> _WORK ITEM_
Images are to be left out; everything else in the listing should be repeated exactly.

> _DATA SHOWN_
* * * * *
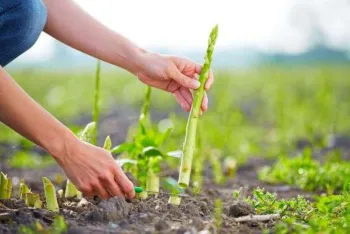 hands harvesting asparagus growing out of the ground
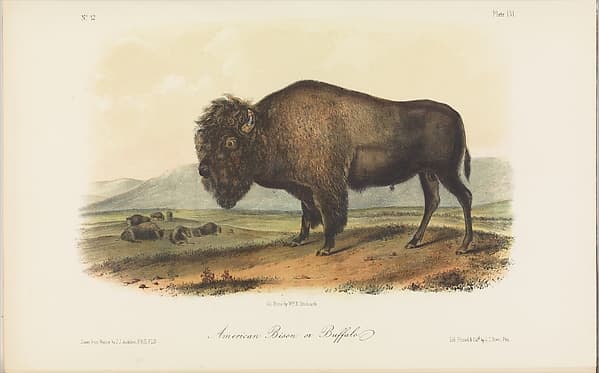 The Viviparous Quadrupeds of North America, vol. II, by John James Audubon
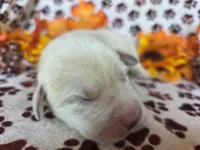 Blue collar, a male Labrador Retriever for sale in Spring Branch, TX – 4 of 4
* * * * *
> _EXPECTED OUTPUT_
 hands harvesting asparagus growing out of the ground
 The Viviparous Quadrupeds of North America, vol. II, by John James Audubon
 Blue collar, a male Labrador Retriever for sale in Spring Branch, TX – 4 of 4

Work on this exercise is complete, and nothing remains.